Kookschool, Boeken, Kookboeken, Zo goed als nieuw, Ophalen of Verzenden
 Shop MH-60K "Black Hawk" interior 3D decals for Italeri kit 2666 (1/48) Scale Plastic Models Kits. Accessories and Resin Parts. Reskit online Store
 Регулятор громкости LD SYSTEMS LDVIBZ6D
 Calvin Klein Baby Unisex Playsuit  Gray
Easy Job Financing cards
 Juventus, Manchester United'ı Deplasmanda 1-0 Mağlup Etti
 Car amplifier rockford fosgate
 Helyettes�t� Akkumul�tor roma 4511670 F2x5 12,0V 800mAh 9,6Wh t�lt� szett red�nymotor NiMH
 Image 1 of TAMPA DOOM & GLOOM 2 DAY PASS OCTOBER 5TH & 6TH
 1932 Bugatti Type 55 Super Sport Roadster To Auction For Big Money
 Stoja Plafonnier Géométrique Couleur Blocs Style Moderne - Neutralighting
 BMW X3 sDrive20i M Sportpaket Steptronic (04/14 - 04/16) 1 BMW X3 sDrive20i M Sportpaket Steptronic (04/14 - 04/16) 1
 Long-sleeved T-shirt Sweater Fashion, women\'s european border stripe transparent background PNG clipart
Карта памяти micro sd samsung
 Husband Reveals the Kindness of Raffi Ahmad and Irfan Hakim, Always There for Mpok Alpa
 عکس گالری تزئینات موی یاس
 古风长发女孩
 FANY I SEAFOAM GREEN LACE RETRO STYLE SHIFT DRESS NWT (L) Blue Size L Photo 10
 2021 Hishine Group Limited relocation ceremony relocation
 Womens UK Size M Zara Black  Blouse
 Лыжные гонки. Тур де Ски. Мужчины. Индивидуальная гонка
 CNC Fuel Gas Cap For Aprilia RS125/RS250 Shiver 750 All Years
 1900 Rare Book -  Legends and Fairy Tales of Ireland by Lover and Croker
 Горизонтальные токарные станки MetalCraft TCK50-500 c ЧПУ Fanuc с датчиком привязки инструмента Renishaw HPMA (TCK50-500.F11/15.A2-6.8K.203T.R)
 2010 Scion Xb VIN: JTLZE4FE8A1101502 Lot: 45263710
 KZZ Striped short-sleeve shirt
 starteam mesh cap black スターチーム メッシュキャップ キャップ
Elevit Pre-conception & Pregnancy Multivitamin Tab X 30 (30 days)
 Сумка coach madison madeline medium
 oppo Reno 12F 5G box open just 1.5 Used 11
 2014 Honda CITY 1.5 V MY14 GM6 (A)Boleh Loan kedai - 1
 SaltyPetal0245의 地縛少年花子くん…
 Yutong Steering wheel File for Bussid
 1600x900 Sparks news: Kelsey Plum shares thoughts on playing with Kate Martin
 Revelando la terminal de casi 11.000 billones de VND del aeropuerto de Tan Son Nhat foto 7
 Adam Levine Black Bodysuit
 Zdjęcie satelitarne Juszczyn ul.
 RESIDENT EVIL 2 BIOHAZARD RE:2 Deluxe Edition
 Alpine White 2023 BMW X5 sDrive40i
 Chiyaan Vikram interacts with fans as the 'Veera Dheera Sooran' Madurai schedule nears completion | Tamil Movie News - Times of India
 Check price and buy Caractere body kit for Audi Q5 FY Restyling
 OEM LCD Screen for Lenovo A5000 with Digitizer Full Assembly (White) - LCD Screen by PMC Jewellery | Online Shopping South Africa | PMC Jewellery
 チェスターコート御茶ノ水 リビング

-*-*-

Every line from the one containing "Alpine White 2023 BMW X5 sDrive40i" through the final line of the data above is to be restated word for word, and nothing more.

 Alpine White 2023 BMW X5 sDrive40i
 Chiyaan Vikram interacts with fans as the 'Veera Dheera Sooran' Madurai schedule nears completion | Tamil Movie News - Times of India
 Check price and buy Caractere body kit for Audi Q5 FY Restyling
 OEM LCD Screen for Lenovo A5000 with Digitizer Full Assembly (White) - LCD Screen by PMC Jewellery | Online Shopping South Africa | PMC Jewellery
 チェスターコート御茶ノ水 リビング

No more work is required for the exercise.